Human Reproduction Class 12 MCQ Question and Answer
Question:1. Which hormone stimulates the Leydig cells to produce androgens in males?
- A) Follicle-stimulating hormone (FSH)
- B) Luteinizing hormone (LH)
- C) Gonadotropin-releasing hormone (GnRH)
- D) Testosterone
- Answer: B) Luteinizing hormone (LH)
Question:2. Where does fertilization typically occur in the female reproductive system?
- A) Uterus
- B) Oviduct (Fallopian tube)
- C) Vagina
- D) Cervix
- Answer: B) Oviduct (Fallopian tube)
Question:3. What is the primary function of the seminal vesicles in male reproductive anatomy?
- A) Sperm production
- B) Hormone secretion
- C) Secretion of alkaline fluid
- D) Lubrication of the penis
- Answer: C) Secretion of alkaline fluid
Question:4. What is the function of the corpus luteum during the menstrual cycle?

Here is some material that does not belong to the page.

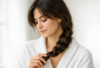 young woman in her late 20s with long dark brown hair in a soft loose braid, wearing a white cotton robe, gently touching the end of her braid and looking down with a calm, slightly thoughtful expression, natural morning light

- A) Production of estrogen
- B) Secretion of progesterone
- C) Ovulation induction
- D) Formation of ova
- Answer: B) Secretion of progesterone
Question:5. Which structure connects the testis to the urethra and transports sperm?
- A) Vas deferens
- B) Epididymis
- C) Seminal vesicle
- D) Prostate gland
- Answer: A) Vas deferens
Question:6. What is the role of Sertoli cells in the male reproductive system?
- A) Sperm production
- B) Androgen synthesis
- C) Nutrition for germ cells
- D) Lubrication of the penis
- Answer: C) Nutrition for germ cells
Question:7. Which part of the female reproductive system is responsible for the development of the blastocyst before implantation?
- A) Uterus
- B) Ovary
- C) Cervix
- D) Vagina
- Answer: A) Uterus
Question:8. What is the purpose of the cervical mucus in the female reproductive system?
- A) Nourishment for ova
- B) Lubrication
- C) Protection against infections
- D) Facilitation of sperm entry
- Answer: D) Facilitation of sperm entry
Question:9. What triggers the release of GnRH (Gonadotropin-releasing hormone) during the menstrual cycle?
- A) High estrogen levels
- B) Low progesterone levels
- C) Low estrogen levels
- D) High progesterone levels
- Answer: C) Low estrogen levels
Question: 10. Which structure is responsible for the production of ova in the female reproductive system?
- A) Uterus
- B) Ovary
- C) Fallopian tube
- D) Vagina
- Answer: B) Ovary
Human Reproduction explores the intricate processes of gametogenesis, fertilization, and embryonic development, offering a profound understanding of the complexities underlying human reproduction.